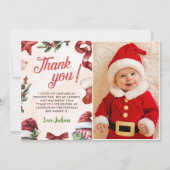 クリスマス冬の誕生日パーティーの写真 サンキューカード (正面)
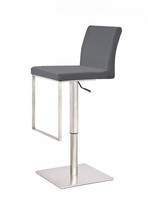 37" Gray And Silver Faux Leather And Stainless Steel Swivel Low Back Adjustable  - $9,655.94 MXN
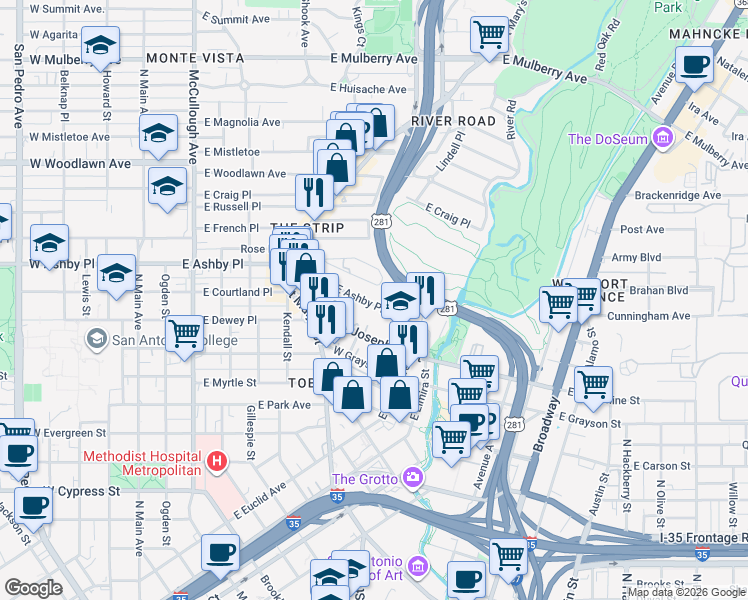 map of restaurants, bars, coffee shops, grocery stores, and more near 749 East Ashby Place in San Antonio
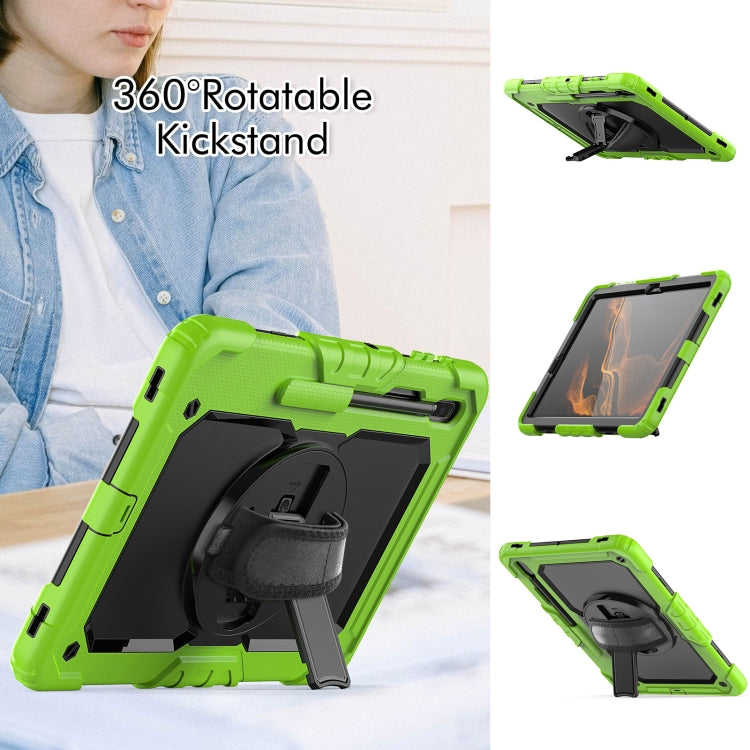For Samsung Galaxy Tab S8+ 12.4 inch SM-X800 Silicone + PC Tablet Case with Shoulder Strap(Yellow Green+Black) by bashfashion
* * *
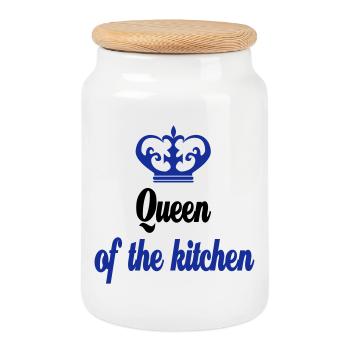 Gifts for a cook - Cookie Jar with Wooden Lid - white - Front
...
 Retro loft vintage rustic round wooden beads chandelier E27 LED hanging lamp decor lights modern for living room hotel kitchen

• [What is being asked]: Your reply is to be an exact repeat of the listing above from the line holding "クリスマス冬の誕生日パーティーの写真 サンキューカード (正面)" down to the line holding "For Samsung Galaxy", ends included, pictures excluded.

• [Final answer]:
 クリスマス冬の誕生日パーティーの写真 サンキューカード (正面)
 37" Gray And Silver Faux Leather And Stainless Steel Swivel Low Back Adjustable  - $9,655.94 MXN
 map of restaurants, bars, coffee shops, grocery stores, and more near 749 East Ashby Place in San Antonio
For Samsung Galaxy Tab S8+ 12.4 inch SM-X800 Silicone + PC Tablet Case with Shoulder Strap(Yellow Green+Black) by bashfashion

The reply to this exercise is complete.